A Guiné Equatorial, antiga colónia espanhola, tornou-se membro de pleno direito da CPLP em Julho de 2014, mediante um “roteiro de adesão” (de branqueamento) que incluía a divulgação do português como língua oficial e a abolição da pena de morte, medida que ainda não foi ratificada pelo presidente equato-guineense, Teodoro Obiang.
Teodoro Obiang Nguema, o Presidente africano há mais anos no poder, desde 1979, e o seu Governo são acusados por várias organizações da sociedade civil de constantes violações dos direitos humanos e perseguição a opositores.
Angola, Brasil, Cabo Verde, Guiné-Bissau, Guiné Equatorial, Moçambique, Portugal, São Tomé e Príncipe e Timor-Leste são os Estados-membros da CPLP.
A outra face da geringonça da CPLP
E então, que tal assumir (isso é que era bom!) que a entrada da Guiné Equatorial no bloco lusófono foi, é e será uma questão que envergonha a organização?
É, de facto, uma vergonha do tamanho da própria Lusofonia.
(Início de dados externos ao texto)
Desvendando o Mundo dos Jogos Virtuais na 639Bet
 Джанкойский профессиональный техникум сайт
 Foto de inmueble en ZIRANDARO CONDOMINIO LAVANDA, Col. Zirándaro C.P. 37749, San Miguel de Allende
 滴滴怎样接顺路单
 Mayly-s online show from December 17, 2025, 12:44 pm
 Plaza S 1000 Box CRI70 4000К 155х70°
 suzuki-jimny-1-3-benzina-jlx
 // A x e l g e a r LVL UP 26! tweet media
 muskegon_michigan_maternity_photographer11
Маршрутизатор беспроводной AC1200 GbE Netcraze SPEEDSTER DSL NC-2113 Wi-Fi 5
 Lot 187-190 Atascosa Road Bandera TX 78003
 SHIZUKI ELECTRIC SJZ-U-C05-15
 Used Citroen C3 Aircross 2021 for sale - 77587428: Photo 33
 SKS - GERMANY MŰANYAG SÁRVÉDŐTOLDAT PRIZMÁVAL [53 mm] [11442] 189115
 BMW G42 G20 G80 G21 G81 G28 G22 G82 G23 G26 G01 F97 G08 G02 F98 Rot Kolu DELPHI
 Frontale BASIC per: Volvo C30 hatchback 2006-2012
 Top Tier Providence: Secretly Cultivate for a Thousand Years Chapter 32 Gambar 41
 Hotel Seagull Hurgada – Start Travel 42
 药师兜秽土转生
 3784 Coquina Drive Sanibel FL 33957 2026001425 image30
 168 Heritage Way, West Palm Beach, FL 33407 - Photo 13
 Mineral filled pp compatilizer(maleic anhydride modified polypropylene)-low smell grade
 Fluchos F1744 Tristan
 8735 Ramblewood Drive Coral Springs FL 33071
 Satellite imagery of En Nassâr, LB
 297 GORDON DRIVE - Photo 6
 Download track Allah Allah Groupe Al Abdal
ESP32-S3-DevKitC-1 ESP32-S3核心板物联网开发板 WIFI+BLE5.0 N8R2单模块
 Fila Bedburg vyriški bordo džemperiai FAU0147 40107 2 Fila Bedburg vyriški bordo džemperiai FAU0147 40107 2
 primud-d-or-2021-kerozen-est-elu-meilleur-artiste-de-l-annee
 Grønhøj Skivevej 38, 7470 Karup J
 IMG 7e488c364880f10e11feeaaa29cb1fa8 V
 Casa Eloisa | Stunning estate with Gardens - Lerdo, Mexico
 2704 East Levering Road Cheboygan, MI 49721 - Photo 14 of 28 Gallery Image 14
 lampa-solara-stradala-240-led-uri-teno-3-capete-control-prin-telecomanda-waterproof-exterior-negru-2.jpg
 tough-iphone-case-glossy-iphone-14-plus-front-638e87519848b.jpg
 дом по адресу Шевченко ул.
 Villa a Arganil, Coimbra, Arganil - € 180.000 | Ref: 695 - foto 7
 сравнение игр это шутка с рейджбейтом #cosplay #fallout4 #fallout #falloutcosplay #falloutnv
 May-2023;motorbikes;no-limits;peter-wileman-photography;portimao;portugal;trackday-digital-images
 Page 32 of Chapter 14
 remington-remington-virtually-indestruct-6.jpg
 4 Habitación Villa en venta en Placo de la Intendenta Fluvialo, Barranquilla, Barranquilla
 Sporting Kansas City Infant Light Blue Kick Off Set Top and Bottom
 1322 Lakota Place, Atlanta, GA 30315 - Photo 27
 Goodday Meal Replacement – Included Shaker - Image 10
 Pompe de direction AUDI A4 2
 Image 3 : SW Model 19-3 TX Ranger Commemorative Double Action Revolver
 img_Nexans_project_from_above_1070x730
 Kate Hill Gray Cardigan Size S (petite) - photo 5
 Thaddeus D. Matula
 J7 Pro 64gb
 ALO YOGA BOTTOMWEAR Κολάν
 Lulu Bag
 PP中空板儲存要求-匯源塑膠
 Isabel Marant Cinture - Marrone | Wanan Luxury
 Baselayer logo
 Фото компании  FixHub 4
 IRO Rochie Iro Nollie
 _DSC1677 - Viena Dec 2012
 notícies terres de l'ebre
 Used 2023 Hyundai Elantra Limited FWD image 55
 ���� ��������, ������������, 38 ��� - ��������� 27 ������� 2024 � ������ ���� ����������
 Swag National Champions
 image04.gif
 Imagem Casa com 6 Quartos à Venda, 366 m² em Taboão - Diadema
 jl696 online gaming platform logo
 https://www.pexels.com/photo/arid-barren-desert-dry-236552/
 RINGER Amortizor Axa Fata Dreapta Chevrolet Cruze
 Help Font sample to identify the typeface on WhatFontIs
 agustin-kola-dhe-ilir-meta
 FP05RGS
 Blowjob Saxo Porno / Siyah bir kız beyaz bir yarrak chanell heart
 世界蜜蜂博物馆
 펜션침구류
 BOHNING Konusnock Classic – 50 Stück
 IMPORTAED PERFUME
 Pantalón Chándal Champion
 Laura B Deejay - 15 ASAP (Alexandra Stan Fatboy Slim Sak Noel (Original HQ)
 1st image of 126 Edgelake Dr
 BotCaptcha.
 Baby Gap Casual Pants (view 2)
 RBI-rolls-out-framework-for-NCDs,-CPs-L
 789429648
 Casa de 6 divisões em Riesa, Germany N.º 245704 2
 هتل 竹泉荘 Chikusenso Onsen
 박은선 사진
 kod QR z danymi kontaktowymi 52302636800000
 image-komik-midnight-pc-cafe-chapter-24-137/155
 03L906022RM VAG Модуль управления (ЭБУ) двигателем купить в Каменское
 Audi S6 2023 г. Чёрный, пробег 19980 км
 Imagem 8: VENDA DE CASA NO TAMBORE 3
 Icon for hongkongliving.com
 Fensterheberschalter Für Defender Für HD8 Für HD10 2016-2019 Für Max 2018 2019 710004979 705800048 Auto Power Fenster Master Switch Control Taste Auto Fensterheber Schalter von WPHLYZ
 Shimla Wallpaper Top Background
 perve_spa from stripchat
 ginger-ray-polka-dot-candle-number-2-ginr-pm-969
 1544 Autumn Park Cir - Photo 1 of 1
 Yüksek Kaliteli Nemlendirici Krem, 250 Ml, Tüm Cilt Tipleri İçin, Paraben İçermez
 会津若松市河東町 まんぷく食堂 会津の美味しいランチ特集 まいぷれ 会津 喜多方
Já não bastavam os problemas que a CPLP tem desde a nascença, pois não? E que tal olhar de forma séria para a Guiné-Bissau, que hoje é um “Estado-falhado”, um “narco-Estado”?
Não. Nada disso. A Guiné Equatorial é que é importante, mesmo sabendo-se que Teodoro Obiang é um dos governantes mais antigos à frente de um Governo em África, lugar que ocupou depois de um golpe de Estado contra o próprio tio, Francisco Macías, que foi posteriormente fuzilado.
Obiang e membros da sua família (nomeadamente o seu filho ‘Teodorin’ Obiang) – que têm uma das maiores fortunas em África segundo a revista Forbes – enfrentam processos em alguns países por corrupção, fraude e branqueamento de capitais, assim como o Presidente enfrenta acusações de violação dos direitos humanos.
O secretário-geral da ONU, António Guterres, disse confiar que a CPLP poderá desempenhar “um papel positivo” quanto à pena de morte, em relação à qual a Guiné Equatorial impôs uma moratória.
“A pena de morte está espalhada em todos os continentes ainda, infelizmente. Mas tenho confiança que a CPLP possa desempenhar um papel positivo neste domínio”, defendeu o responsável da Organização das Nações Unidas.
Sobre problemas de desrespeito de direitos humanos em países lusófonos, o secretário-geral da ONU considerou que “há passos significativos a dar em matéria de direitos humanos em todo o mundo” e lembrou que é uma das “questões essenciais da agenda das Nações Unidas”.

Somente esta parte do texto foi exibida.